« La semaine de quatre jours accroît les difficultés »

Dès la prochaine rentrée, l’école sera supprimée le samedi matin. Hubert Montagner[^2] revient sur cette décision autoritaire du ministre de l’Éducation nationale.

[^2]: Docteur ès sciences, professeur des universités, ancien directeur de recherche à l’Inserm.

Hubert Montagner  • 15 mai 2008 abonné·es

On doit d’abord regretter que le président de la République et le ministre de l’Éducation nationale fassent preuve de démagogie. En effet, leur annonce coïncide avec des sondages qui font état de l’adhésion de 75 à 80 % des parents à la suppression du samedi matin scolarisé. Mais sans répondre à des questions essentielles pour le bien-être, l’équilibre et la réussite scolaire de tous les enfants, en particulier ceux qui sont en difficulté.

Comment et avec quels moyens va-t-on accueillir le samedi matin les enfants dont les parents travaillent et ceux qui ne ­peuvent pas supporter le climat délétère d’un milieu familial en souffrance, et que l’on re­trouve « à la rue » dès 8 h 30 ou 9 h dans les banlieues qui pratiquent la semaine de quatre jours […] ?

Comment seront organisées les dif­férentes journées scolaires ? Le ministre […] entretient la confusion quand il déclare dans un entretien accordé au Monde (29 septembre 2007) : « Ce que le gouvernement propose, c’est ce que la plupart des pays font et je n’ai pas l’impression que les enfants soient particulièrement traumatisés. » Il « oublie » de dire que, si le samedi matin est effectivement « libéré » dans la plupart des pays, l’organisation des journées scolaires et le mode de fonctionnement de l’école y sont différents. […]

Inspecteur général de l’Éducation nationale avant d’être nommé au gouvernement, le ministre ne peut ignorer le rapport sur les « rythmes scolaires » élaboré en 2001 par le corps des inspecteurs généraux du premier degré. Ce document était particulièrement sévère pour la semaine de quatre jours. Ce qui était vrai en 2001 ne le serait-il plus aujourd’hui ? […]

N’importe quel observateur peut constater que la trop longue durée de la journée scolaire (6 heures de « temps contraint ») est génératrice chez de nombreux enfants d’épuisement, de stress, de démotivation et de « désamour » pour l’école. Il faut parfois ajouter une heure de devoirs à la maison ou davantage, la durée du transport entre la maison et l’école, et, pour beaucoup, le temps de la cantine.
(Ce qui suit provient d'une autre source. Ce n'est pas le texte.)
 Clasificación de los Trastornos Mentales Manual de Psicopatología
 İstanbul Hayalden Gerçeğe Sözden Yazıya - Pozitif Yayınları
Répétées toute la semaine et d’une semaine à l’autre, de telles journées sont insupportables pour de nombreux enfants. […] L’après-midi, ils sont éteints, non ­réceptifs et non disponibles, agités et désordonnés. Croit-on qu’ils peuvent s’engager avec réussite dans les apprentissages requis alors que, pourtant, lorsque les rythmes biopsychologiques sont respectés, le créneau de 14 h 30-16 h 30 peut être un moment d’attention sélective et d’apprentissage ? […] Et on voudrait ajouter un soutien scolaire entre 16 h 30 et 18 h ? Le président de la République et le ministre de l’Éducation nationale savent-ils que les enfants (tous les enfants) ont besoin de « souffler » et de jouer dans la journée, même quand il ­s’agit d’un jour scolaire, et que le jeu est un élément essentiel de leur développement ? Savent-ils qu’en arrivant à l’école beaucoup d’enfants ont d’abord besoin d’être rassurés, surtout quand ils sont en difficulté, et que rien n’est possible sans sécurité affective ?
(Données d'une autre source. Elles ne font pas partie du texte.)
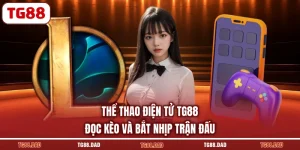 Thể Thao Điện Tử TG88 - Đọc Kèo Và Bắt Nhịp Trận Đấu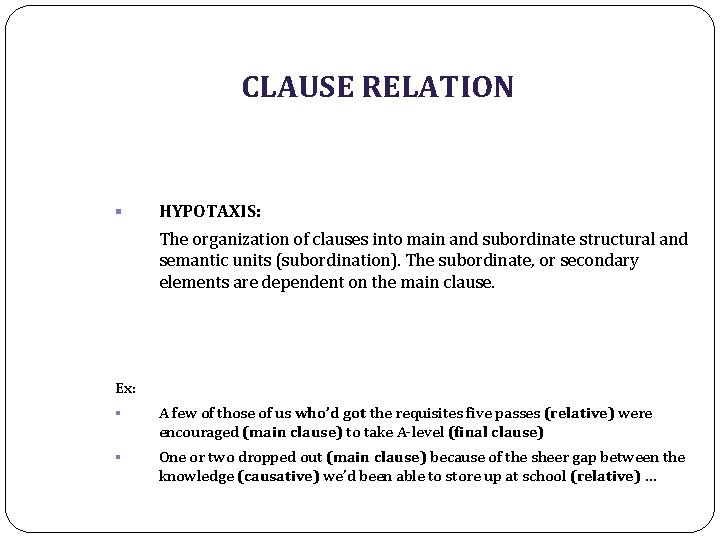 CLAUSE RELATION § HYPOTAXIS: The organization of clauses into main and subordinate structural and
La semaine des quatre jours accroît les difficultés pour plusieurs raisons : talonnés par les exigences du programme et ­l’obligation de performances, nombre d’enseignants essaient de faire en quatre jours ce qu’ils faisaient en quatre jours et demi […] ; il n’est pas rare que, faute de temps pour assurer le programme prévu, les maîtres gardent les enfants après 16 h 30 ; le lundi est un jour encore plus perturbé que dans le cadre de la semaine de quatre jours et demi ; enfin, la réduction des petites va­cances ne permet pas aux enfants (et aux enseignants) de se reposer des fatigues accumulées pendant les semaines précédentes.

Si l’hypothèse de la généralisation de la semaine de quatre jours se confirme, et si la journée scolaire n’est pas réduite et repensée (et aussi l’année), l’école de la République sera encore davantage celle des enfants qui n’ont pas de difficulté majeure pour comprendre et apprendre. Dans un tel cadre, les enfants en souffrance ne pourront pas se réaliser comme des élèves qui se plaisent à l’école et réussissent, comme des êtres de communication, comme des acteurs sociaux et comme des « citoyens responsables ». La semaine de quatre jours est une forme larvée de maltraitance qui aggrave la « fracture sociale ».